So, after nearly every family in the neighborhood has picked more strawberries than they can eat (and Linny, in addition to Claire, ate so many berries he was sick), Kristy decides that the best solution to strawberry fever is…a strawberry festival.
OMG…Kristy goes into a CHAT ROOM to look for strawberry-related ideas, with Linny helping her. Not only does that bring this book into the digital age, but this was obviously before all the warnings to kids not to post in chat rooms and other places without an adult. I can picture Kristy posting something like this:
           Hi, I’m Kristy Thomas, president of the Babysitters Club in Stoneybrook,
Connecticut! I’m with one of my favorite babysitting clients and we want ideas on how to have a Stoneybrook Strawberry Festival. What do you recommend?
PS For a great babysitter, call KL5-5555!
Great idea, no? Well, great idea for calling out child predators to her whole name, location and phone number, at least. (Can’t you just see a modern version of the BSC advertising on Craigslist?)
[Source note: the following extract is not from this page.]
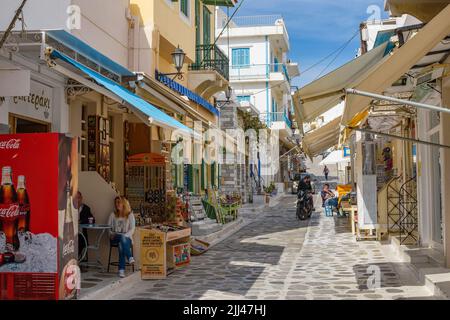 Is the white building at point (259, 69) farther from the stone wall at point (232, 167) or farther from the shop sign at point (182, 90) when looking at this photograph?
the shop sign at point (182, 90)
Stacey’s supposed to be writing her ‘self-portrait.’ Didn’t she already do that? The BSC has been in eighth grade for so long, they’re repeating assignments now.
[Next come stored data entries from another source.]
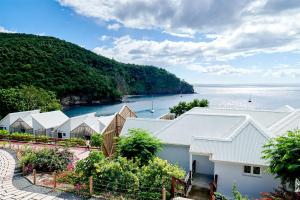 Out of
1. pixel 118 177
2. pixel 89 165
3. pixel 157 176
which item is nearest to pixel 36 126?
pixel 89 165

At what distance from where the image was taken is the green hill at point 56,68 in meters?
94.8

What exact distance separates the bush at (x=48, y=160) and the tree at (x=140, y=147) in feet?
13.7

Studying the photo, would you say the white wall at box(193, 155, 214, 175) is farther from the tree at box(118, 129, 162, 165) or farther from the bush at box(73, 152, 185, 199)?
the bush at box(73, 152, 185, 199)

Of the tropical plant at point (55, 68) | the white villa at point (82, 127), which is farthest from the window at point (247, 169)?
the tropical plant at point (55, 68)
Stacey calls a radio show, asking for help with Robert. Of course, Dr. Gupti gives her all the right answers, but best part about it is this: She changed her name, and Robert’s, and the sport he’d quit, so that no one will recognize the situation. The phone rings a moment after she hangs up and it’s Claudia, laughing and calling her by her fake name, but agreeing with the advice. (Janine apparently enjoys Dr. Gupti’s show, although it’s largely relationship advice and doesn’t sound like something she’d like.)
The title quote is part of Robert’s rant when Stacey tells him he needs to ask for help.
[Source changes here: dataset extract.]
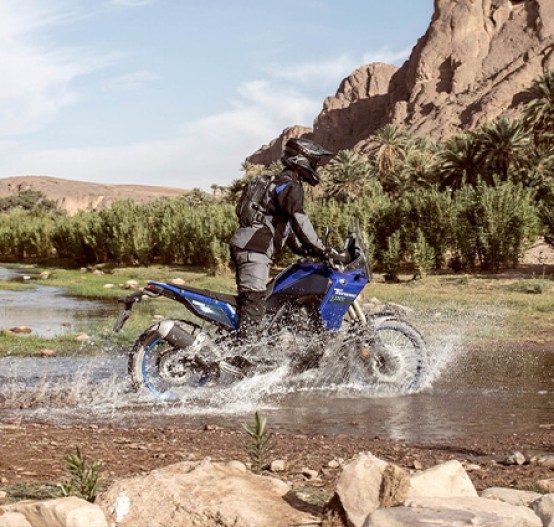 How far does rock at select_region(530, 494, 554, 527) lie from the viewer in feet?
11.8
YES! Claudia spelling, to lighten up the Robert drama! Toosday, nevur, meny, strabarries, shure, agian, festivul.
So Robert talks to his baseball coach, and he’s magically improved? To be fair, he isn’t 100% back to the way he used to be, but he actually goes to the damn ‘strabarry festivul’ and then has a good time at a random dance with Stacey. I guess it could be worse; no one died in this book.
Outfits
Claudia: zebra striped leotard, leopard spot overall shorts, tiger stripe scarf, lizard scrunchie, giraffe earrings
Next: Mystery #35 and an extra-special extra book. You all seriously owe me for actually reading this crap.

Sunday, June 19, 2016

“Mary Anne had never imagined herself hanging around outside the boys’ bathroom.” BSC Mystery #33: Stacey and the Stolen Hearts (1998)

I actually kind of like this mystery. Why? Because it’s something that could actually happen. As opposed to when Stacey actually helped the Secret Service catch a counterfeiter (M#10) or appeared in the world’s worst horror movie (M#24).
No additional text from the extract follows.